Cincinnati--Melanie T. Cushion, PhD, associate professor, University
of Cincinnati (UC) Department of Internal Medicine, Division of
Infectious Diseases, together with George Smulian, MD, Internal
Medicine, and James Stringer, PhD, Department of Molecular Genetics, is
leading an international, multiple-center research project to develop
new drug targets for a major AIDS-related pathogen, Pneumocystis carinii.
Pneumocystis Genome Project" is a $2,889,682 grant funded by the
National Institute of Allergy and Infectious Diseases. The five-year
genomics-related research grant will complement the UC Medical Center's
new core facilities for genomics, proteomics and bioinformatics.
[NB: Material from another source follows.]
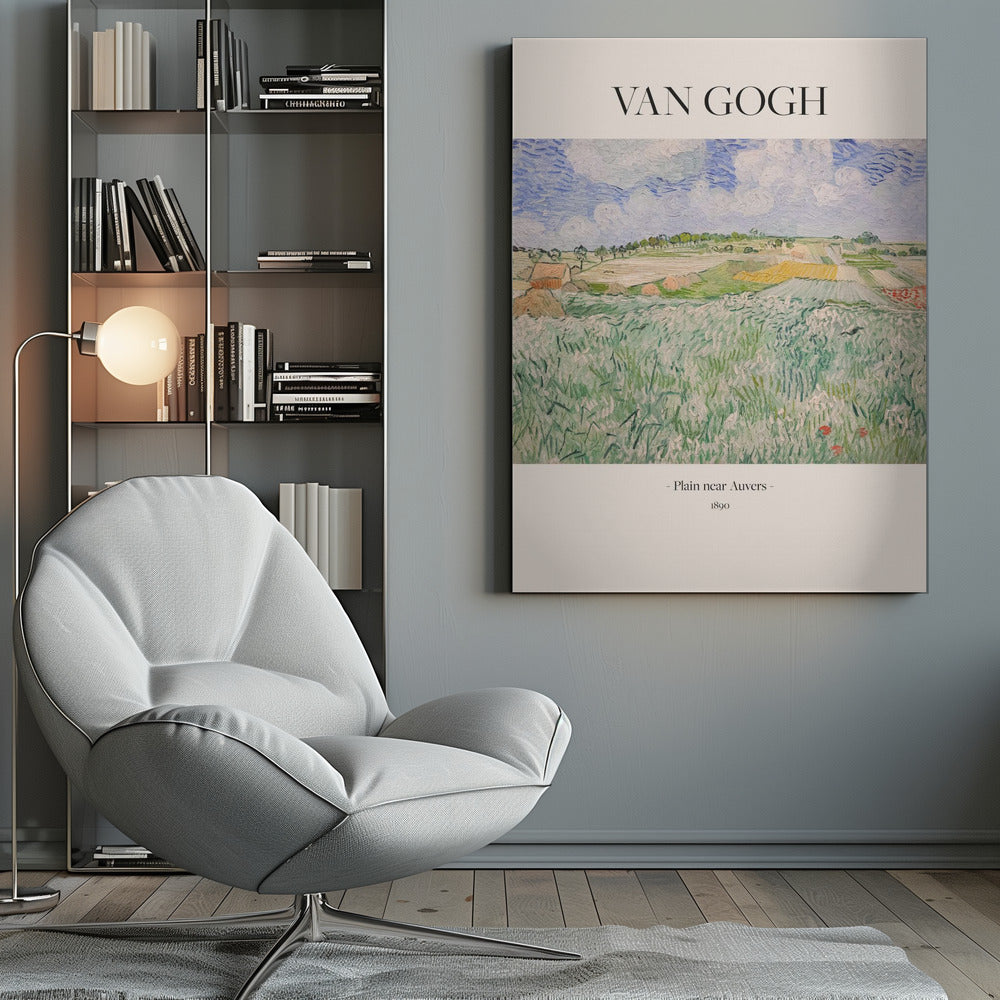 Plain Near Auvers - Poster / Art Print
Scientific evidence indicates that Pneumocystis appears to exist in
mammals with intact immune systems, but without indication of clinical
symptoms. However, once the host immune system becomes suppressed by a
viral infection, such as HIV, or drug therapy to prevent organ
rejection, these organisms are able to grow and fill the lungs and are
likely to cause lethal pneumonia. Pneumocystis cannot survive outside
the mammalian lung for any length of time, so little is understood
about its life cycle.
"We hope to better understand this
pathogen's basic biology by looking at its genetic makeup and how it
infects the mammalian host," Cushion said. "We also hope to understand
why it won't grow outside the lung, and if there is something we can
add to an artificial medium that will permit it to do so." By knowing
all of its genes and metabolic pathways, researchers can design novel
drugs for therapy and treatment.
"Only two drugs are highly
effective against Pneumocystis pneumonia," she said.
"Trimethoprim-sulfamethoxazole and pentamidine, and each has serious
side effects. Moreover, there is increasing evidence that Pneumocystis
is becoming resistant to both, as well as other secondary therapies."